# Supervised Learning: Classification with sklearn

Let's take a look at some supervised learning examples using sklearn. We'll start with some image classification examples, followed by a look at linear regression. However, one important point: your choice of classification model matters greatly. Different models will excel at different tasks. You can see a comparison of classifiers here:

![](https://scikit-learn.org/stable/_images/sphx_glr_plot_classifier_comparison_001.png)

We'll be looking at a few options, but we don't have nearly enough time to cover the details of all. For now, explore and test!

In [None]:
import numpy as np
import pandas as pd
import matplotlib.pyplot as plt
from sklearn import metrics

We'll import our dataset using the keras library. You might recall Keras is another python machine learning library. We're only using it to easily obtain the dataset here; we'll still be doing all our training using sklearn.

In [None]:
import keras

(X_train, y_train), (X_test, y_test) = keras.datasets.fashion_mnist.load_data() #returns a tuple of numpy arrays

#X_train: NumPy array of grayscale image data with shapes (60000, 28, 28), containing the training data.
#y_train: NumPy array of labels (integers in range 0-9) with shape (60000,) for the training data.
#X_test: NumPy array of grayscale image data with shapes (10000, 28, 28), containing the test data.
#y_test: NumPy array of labels (integers in range 0-9) with shape (10000,) for the test data.

In [None]:
# For model training speed purposes, we'll cut out the majority of our dataset
X_train = X_train[:1200] #keep only the first 1200 images
y_train = y_train[:1200] #keep only the first 1200 labels
X_test = X_test[:200] #keep only the first 200 images
y_test = y_test[:200] #keep only the first 200 labels

In [None]:
X_train[0]

In the dataset, the labels are classified by number:

*    0 = T-shirt/top
*    1 = Trouser
*    2 = Pullover
*    3 = Dress
*    4 = Coat
*    5 = Sandal
*    6 = Shirt
*    7 = Sneaker
*    8 = Bag
*    9 = Ankle boot

In [None]:
y_train[0] #this is the label, i.e. the classification, of X_train[0]

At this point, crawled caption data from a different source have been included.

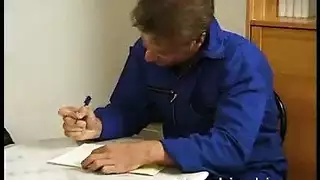 مراهقه مترجم مع جوز أمها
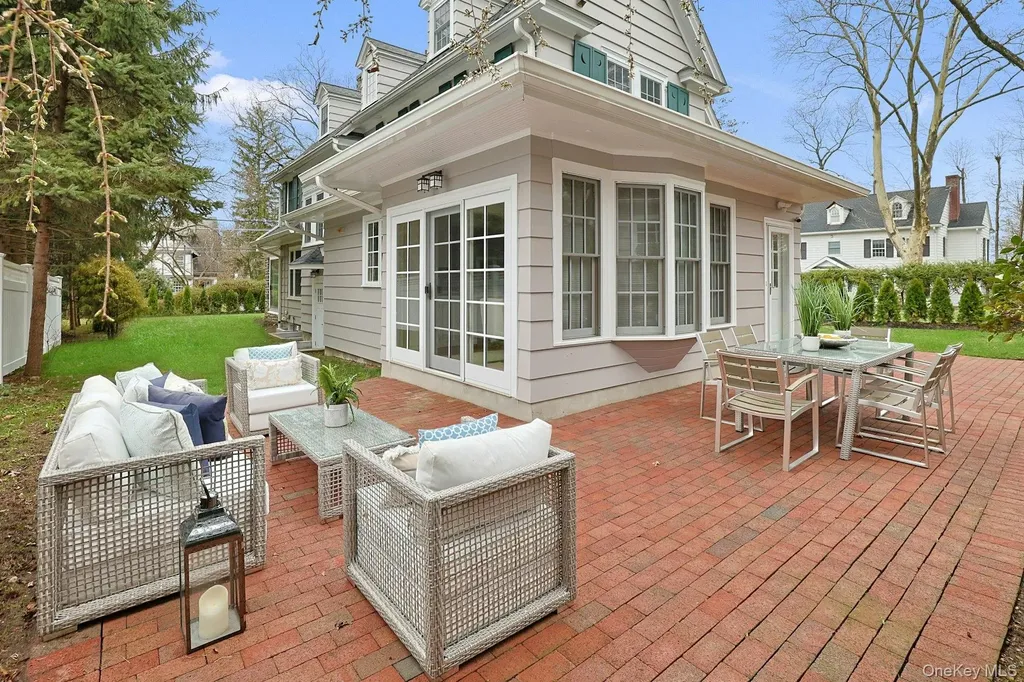 92 Walworth Avenue Scarsdale NY 10583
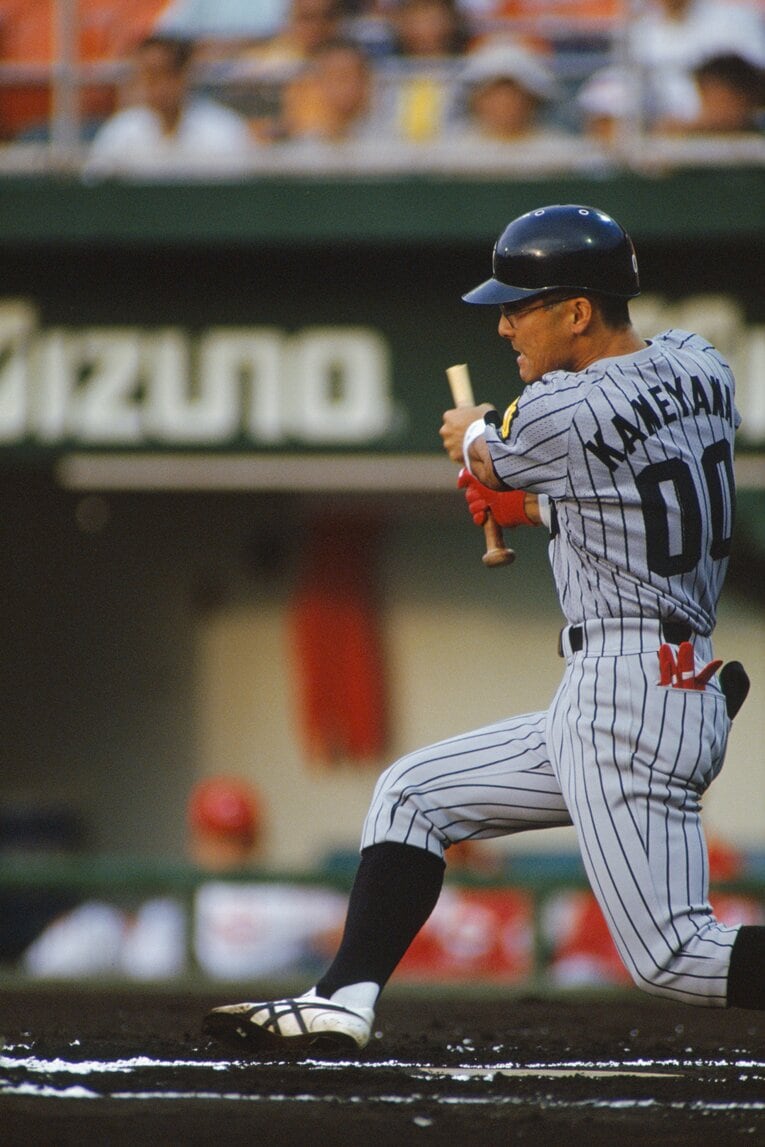 1992年、新庄剛志とともに「亀新フィーバー」を巻き起こした亀山努　©Kazuaki Nishiyama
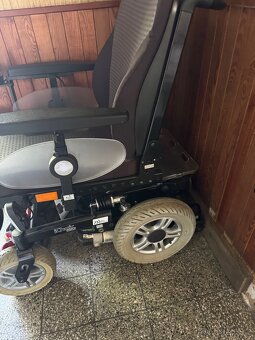 Elektrický invalidní vozík Meyra iChair MC3, nové baterie - 8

We can take a quick look at a subset of images in the dataset by plotting them with matplotlib:

In [None]:
n_row = 1
n_col = 5
plt.figure(figsize=(10,8))
for i in list(range(n_row * n_col)):
    plt.subplot(n_row, n_col, i+1)
    plt.imshow(X_train[i,:].reshape(28,28), cmap="gray")
    title_text = "Image" + str(i+1)
    plt.title(title_text, size=6.5)

plt.show()

One important thing we'll need to do in order to prepare our training data, is reduce the dimensionality of our arrays. Currently, they are three dimensional, but models need them to be 2 dimensional.

In [None]:
print(X_train.shape)
print(X_test.shape)

To fix this, we can use the [.reshape() method](https://numpy.org/doc/stable/reference/generated/numpy.reshape.html) to flatten our 28 x 28 image data:

In [None]:
nsamples, nx, ny = X_train.shape
X_train_d2 = X_train.reshape((nsamples, nx * ny))
nsamples, nx, ny = X_test.shape
X_test_d2 = X_test.reshape((nsamples, nx * ny))

In [None]:
print(X_train_d2.shape)
print(X_test_d2.shape)

Now that we've prepped our training data, we can train a model. We'll start with a [MLP Classifier](https://scikit-learn.org/stable/modules/generated/sklearn.neural_network.MLPClassifier.html). As we discussed earlier, this can work for simple images but struggles with high-res, complex images. But our images here are quite simple, so let's see how it does:

In [None]:
from sklearn.neural_network import MLPClassifier

MLP_model = MLPClassifier(max_iter=500, tol=1e-3)
MLP_model.fit(X_train_d2,y_train)
mlp_predict = MLP_model.predict(X_test_d2)

In [None]:
print(metrics.classification_report(y_test, mlp_predict))
print("average accuracy:", np.mean(y_test == mlp_predict) * 100)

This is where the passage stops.